__EXERCISE DESCRIPTION__: Write out every line of the data below exactly as given.

Data entries

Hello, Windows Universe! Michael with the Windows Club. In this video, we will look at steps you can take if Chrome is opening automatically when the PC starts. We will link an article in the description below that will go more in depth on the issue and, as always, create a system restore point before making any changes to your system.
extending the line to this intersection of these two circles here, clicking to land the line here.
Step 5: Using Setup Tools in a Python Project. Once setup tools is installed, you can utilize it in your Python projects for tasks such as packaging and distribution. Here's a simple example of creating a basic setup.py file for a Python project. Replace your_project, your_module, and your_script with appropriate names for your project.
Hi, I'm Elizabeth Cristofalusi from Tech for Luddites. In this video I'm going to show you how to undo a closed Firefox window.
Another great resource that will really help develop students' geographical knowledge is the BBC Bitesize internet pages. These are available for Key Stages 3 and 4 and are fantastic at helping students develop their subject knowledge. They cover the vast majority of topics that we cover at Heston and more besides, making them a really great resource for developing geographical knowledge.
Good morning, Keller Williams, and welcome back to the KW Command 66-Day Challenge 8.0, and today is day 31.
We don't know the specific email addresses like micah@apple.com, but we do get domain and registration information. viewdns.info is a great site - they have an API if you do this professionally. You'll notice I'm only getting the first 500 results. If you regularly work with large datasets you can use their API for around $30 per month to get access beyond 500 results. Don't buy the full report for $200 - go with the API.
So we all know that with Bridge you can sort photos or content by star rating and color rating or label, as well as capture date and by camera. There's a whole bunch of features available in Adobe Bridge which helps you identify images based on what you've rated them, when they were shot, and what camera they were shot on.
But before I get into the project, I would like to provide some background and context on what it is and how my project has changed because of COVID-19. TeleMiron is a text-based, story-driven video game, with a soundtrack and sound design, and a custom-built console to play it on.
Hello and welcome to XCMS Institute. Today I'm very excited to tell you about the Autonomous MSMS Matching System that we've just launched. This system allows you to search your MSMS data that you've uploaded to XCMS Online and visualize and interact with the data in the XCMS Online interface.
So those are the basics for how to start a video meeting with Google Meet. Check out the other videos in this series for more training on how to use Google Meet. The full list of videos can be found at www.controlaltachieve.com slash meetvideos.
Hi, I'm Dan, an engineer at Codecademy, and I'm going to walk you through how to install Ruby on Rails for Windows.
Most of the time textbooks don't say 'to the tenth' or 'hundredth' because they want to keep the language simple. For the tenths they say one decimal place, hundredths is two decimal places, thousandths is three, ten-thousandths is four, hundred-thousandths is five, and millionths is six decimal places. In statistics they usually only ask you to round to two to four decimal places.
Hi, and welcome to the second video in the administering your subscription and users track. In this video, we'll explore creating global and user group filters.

__YOUR RESPONSE__:
Hello, Windows Universe! Michael with the Windows Club. In this video, we will look at steps you can take if Chrome is opening automatically when the PC starts. We will link an article in the description below that will go more in depth on the issue and, as always, create a system restore point before making any changes to your system.
extending the line to this intersection of these two circles here, clicking to land the line here.
Step 5: Using Setup Tools in a Python Project. Once setup tools is installed, you can utilize it in your Python projects for tasks such as packaging and distribution. Here's a simple example of creating a basic setup.py file for a Python project. Replace your_project, your_module, and your_script with appropriate names for your project.
Hi, I'm Elizabeth Cristofalusi from Tech for Luddites. In this video I'm going to show you how to undo a closed Firefox window.
Another great resource that will really help develop students' geographical knowledge is the BBC Bitesize internet pages. These are available for Key Stages 3 and 4 and are fantastic at helping students develop their subject knowledge. They cover the vast majority of topics that we cover at Heston and more besides, making them a really great resource for developing geographical knowledge.
Good morning, Keller Williams, and welcome back to the KW Command 66-Day Challenge 8.0, and today is day 31.
We don't know the specific email addresses like micah@apple.com, but we do get domain and registration information. viewdns.info is a great site - they have an API if you do this professionally. You'll notice I'm only getting the first 500 results. If you regularly work with large datasets you can use their API for around $30 per month to get access beyond 500 results. Don't buy the full report for $200 - go with the API.
So we all know that with Bridge you can sort photos or content by star rating and color rating or label, as well as capture date and by camera. There's a whole bunch of features available in Adobe Bridge which helps you identify images based on what you've rated them, when they were shot, and what camera they were shot on.
But before I get into the project, I would like to provide some background and context on what it is and how my project has changed because of COVID-19. TeleMiron is a text-based, story-driven video game, with a soundtrack and sound design, and a custom-built console to play it on.
Hello and welcome to XCMS Institute. Today I'm very excited to tell you about the Autonomous MSMS Matching System that we've just launched. This system allows you to search your MSMS data that you've uploaded to XCMS Online and visualize and interact with the data in the XCMS Online interface.
So those are the basics for how to start a video meeting with Google Meet. Check out the other videos in this series for more training on how to use Google Meet. The full list of videos can be found at www.controlaltachieve.com slash meetvideos.
Hi, I'm Dan, an engineer at Codecademy, and I'm going to walk you through how to install Ruby on Rails for Windows.
Most of the time textbooks don't say 'to the tenth' or 'hundredth' because they want to keep the language simple. For the tenths they say one decimal place, hundredths is two decimal places, thousandths is three, ten-thousandths is four, hundred-thousandths is five, and millionths is six decimal places. In statistics they usually only ask you to round to two to four decimal places.
Hi, and welcome to the second video in the administering your subscription and users track. In this video, we'll explore creating global and user group filters.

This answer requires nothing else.